12 Dec 2012

Bless

This morning I had my first, proper, heart melter.  Shit.  My maternal instinct's have obviously been on some sort of muscle relaxant or something.. it's only taken 7 bloody weeks to kick in!

Mushroom and I were playing on the bed in the air con after our stinker of a walk this morning.  We were both hot and sweaty, him from laying in the pram, me from striding it out.  He was being a fussy turd and I realised it was nap time (getting good at recognising those tired cues people!) so I decided to give him a feed so he could nod off like a happy little clam and I could have a damn shower.

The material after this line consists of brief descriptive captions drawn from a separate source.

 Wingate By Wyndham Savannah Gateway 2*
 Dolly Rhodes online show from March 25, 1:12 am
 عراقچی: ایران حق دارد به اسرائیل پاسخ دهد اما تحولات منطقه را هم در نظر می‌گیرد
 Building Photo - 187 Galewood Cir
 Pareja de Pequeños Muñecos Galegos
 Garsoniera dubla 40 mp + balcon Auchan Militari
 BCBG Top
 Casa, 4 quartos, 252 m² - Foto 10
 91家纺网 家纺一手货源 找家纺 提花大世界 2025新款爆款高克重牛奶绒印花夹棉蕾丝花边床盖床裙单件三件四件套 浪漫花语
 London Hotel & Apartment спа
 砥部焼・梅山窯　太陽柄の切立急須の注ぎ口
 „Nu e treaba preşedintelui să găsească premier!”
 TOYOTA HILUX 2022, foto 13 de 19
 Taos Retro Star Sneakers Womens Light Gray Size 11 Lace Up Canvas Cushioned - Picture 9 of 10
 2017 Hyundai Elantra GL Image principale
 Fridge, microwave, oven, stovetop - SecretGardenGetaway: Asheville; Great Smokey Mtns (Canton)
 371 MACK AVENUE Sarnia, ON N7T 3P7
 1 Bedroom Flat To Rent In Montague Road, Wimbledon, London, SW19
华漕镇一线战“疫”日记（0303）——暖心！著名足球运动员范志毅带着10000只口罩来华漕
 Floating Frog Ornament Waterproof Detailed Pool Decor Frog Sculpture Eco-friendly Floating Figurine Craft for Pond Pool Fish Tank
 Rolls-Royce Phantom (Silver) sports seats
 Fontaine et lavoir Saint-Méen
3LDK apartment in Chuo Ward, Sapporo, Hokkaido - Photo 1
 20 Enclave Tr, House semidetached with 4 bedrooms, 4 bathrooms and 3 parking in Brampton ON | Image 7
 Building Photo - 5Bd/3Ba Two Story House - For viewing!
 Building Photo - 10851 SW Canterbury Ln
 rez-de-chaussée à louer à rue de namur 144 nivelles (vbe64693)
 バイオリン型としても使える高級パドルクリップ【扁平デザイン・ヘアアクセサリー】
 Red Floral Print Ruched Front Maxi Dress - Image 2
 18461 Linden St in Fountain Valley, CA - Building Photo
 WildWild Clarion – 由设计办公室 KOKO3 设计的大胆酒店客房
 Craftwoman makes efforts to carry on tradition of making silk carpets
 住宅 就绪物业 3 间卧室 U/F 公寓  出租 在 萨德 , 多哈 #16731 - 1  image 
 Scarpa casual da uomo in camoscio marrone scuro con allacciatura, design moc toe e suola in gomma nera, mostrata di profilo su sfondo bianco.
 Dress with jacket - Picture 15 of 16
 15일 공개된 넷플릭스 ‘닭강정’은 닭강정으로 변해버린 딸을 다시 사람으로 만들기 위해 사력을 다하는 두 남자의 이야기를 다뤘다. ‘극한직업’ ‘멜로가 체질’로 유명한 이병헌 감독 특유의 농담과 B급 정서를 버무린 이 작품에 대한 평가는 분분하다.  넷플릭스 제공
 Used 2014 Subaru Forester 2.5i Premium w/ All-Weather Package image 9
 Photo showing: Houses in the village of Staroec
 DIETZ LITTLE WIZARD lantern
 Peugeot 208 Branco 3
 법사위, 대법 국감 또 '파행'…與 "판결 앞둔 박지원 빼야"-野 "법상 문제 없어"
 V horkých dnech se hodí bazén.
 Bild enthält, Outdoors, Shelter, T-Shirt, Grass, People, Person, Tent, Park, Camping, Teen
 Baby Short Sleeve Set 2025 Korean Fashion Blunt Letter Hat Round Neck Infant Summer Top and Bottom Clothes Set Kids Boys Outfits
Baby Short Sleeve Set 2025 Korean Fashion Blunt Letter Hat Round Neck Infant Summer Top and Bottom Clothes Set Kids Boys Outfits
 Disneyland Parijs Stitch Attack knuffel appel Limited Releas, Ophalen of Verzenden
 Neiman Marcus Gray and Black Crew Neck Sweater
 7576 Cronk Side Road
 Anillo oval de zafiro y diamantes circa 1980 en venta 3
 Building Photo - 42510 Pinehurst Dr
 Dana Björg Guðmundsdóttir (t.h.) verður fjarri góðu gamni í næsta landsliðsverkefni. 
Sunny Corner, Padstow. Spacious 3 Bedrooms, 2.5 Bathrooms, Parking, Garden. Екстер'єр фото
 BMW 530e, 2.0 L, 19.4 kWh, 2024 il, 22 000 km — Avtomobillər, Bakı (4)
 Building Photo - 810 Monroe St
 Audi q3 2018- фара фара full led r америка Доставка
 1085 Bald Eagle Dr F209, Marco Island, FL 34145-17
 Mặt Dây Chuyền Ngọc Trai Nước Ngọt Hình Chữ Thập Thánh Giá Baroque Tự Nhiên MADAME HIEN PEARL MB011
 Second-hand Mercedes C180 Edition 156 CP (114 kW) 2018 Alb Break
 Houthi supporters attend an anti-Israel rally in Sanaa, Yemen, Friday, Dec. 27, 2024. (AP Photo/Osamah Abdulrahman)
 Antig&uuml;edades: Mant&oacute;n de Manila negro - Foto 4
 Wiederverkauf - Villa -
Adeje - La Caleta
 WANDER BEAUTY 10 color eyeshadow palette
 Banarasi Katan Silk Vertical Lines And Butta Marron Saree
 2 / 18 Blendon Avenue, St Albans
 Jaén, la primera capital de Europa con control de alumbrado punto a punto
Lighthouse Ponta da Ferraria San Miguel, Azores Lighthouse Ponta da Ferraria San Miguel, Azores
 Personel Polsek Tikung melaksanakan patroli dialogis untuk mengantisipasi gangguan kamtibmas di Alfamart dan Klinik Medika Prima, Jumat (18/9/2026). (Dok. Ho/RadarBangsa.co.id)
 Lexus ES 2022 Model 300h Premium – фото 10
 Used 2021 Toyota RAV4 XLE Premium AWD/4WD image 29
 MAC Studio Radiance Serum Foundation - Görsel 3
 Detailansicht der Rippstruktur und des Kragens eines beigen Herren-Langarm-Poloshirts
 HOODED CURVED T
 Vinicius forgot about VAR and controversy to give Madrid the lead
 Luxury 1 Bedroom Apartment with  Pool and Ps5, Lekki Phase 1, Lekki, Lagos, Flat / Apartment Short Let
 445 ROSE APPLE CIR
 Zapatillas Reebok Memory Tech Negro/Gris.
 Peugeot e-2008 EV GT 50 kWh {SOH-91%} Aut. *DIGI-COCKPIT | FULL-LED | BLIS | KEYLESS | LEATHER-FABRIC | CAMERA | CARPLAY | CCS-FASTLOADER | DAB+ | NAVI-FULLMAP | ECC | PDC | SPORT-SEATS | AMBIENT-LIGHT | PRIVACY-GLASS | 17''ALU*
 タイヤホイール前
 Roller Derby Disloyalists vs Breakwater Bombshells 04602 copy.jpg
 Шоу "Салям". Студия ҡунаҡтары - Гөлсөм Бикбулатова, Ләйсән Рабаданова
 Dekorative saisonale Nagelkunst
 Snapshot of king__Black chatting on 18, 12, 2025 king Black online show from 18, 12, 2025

Instead of settling down and eating like a civilised person, my boy kept kicking the bed head and punching my boob with his little clenched up fists, jumping off and on and yelling his displeasure at me to the tone of:

'Wah!'
Gulp
Gulp
Gulp
'WAH!'

All the while staring up at me with disapproval and Cranky McCrank eyes.  After the third time it happened,  I decided to get even.  The next time he pulled off before he could utter a sound, I 'WAH'ed at him first.  You should have seen the look on his face!  Talk about big eyes, absolutely hilarious!  I started to laugh at him, as I do quite often as he takes himself so bloody seriously, when the best thing happened.  My little man's stern face dissolved into the biggest smile and he actually cooed at me, it was almost a giggle!  He smiled at me for a whole minute, grinning and carrying on, then stuck himself back on the booby and drifted off to sleep. He was so happy in that moment that my little heart melted and I actually had tears spring to my eyes.

Moments like that seem to be what makes motherhood all worth it.  I thought there was something wrong with me as I was yet to experience one of those crazy tears springing to eyes bullshit, but it happened to me today.  Bless his little cotton socks if it wasn't too feckin hot to wear them!